As the latest chips grow in size and complexity, a vast amount of design data is generated during verification and implementation. The Cadence Joint Enterprise Data and AI (JedAI) Platform harnesses this design data in an open, AI-driven, large-scale data analytics environment optimized for massive, heterogeneous, structured, and unstructured EDA data. By using the Cadence JedAI Platform, designers can quickly identify the most critical power, performance, and area (PPA) objectives and design bottlenecks, resulting in faster design closure with fewer engineering resources. Now designers can use AI-driven optimization and debug to create multiple designs in parallel with fewer engineers.
Skycore Semiconductors employed the Cadence Cloud Portfolio of design tools to create a high-voltage switched-capacitor microchip technology that can significantly reduce the size, price, and energy loss of power converters, thereby strengthening the transition towards a sustainable world powered by electricity.
Lotus Microsystems designed a power converter with 70% less size and 50% less weight than the state-of-the-art miniature power converter using AI-assisted design tools. They employed eco-friendly materials to drive product development in the direction of a more sustainable future in conjunction with United Nations (UN) sustainability goals.

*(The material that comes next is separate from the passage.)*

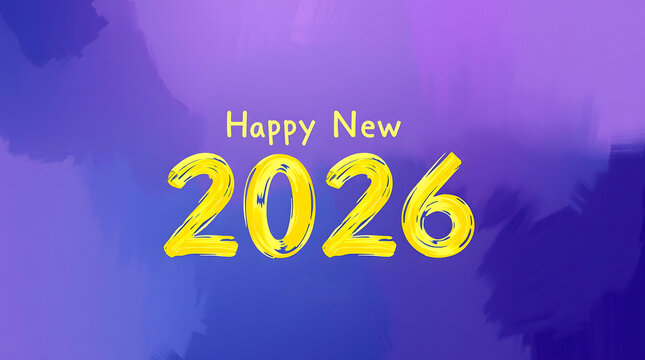 Happy new year 2026 celebration greeting on vibrant purple background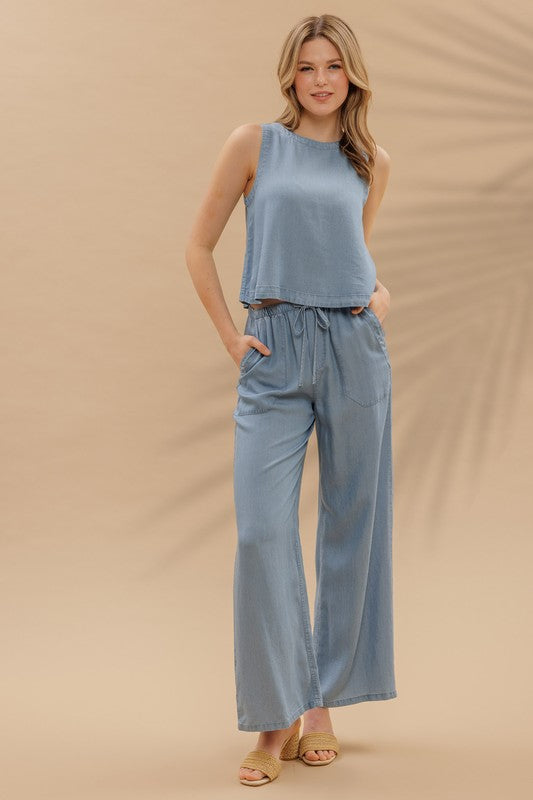 Drawstring Wide Leg Chambray Pants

By using pre-designed IP components, design teams can push the boundaries to achieve the lowest power impact in the industry while retaining significant performance advancement. For example, the Tensilica® HiFi 1 digital signal processor (DSP) extends the duration of voice communication and music playback, allowing always listening to voice commands with minimal impact on battery life. This processor for a greener world enables small form factor, low-cost consumer and mobile devices, as well as automotive and industrial devices.
Robust computational fluid dynamics (CFD) software uses AI techniques to simulate the behavior of fluids and their thermodynamic properties. Among other uses, this software has been used by Pipistrel Vertical Solutions to redesign for shorter aircraft takeoff and landing, reduced energy consumption for increased flight ranges, and noise reduction.
The data center construction and retrofitting market is growing rapidly, resulting in an incredible focus on power and energy efficiency. Data center managers need to both set aggressive emissions and energy reduction goals and then create the measurements to make sure they will meet those goals, which they can report back to investors, government agencies, and other interested parties. By creating a digital twin, a physics-based simulation of an entire data center, managers can make informed decisions about cutting costs, increasing energy efficiency, and safeguarding reliability to meet service level agreement (SLA) requirements. Response to requests can be evaluated quickly and factually while sustainability goals are measured.
These are just a few examples of the AI and ML techniques that are used throughout the electronic design process to provide better, more predictable, and more sustainable outcomes. Tools now suggest solutions to common problems that might otherwise take design teams weeks or months to evaluate. These suggestions help the electronics industry design products that will last longer, take up less space, require fewer valuable resources, and lead us to a sustainable future.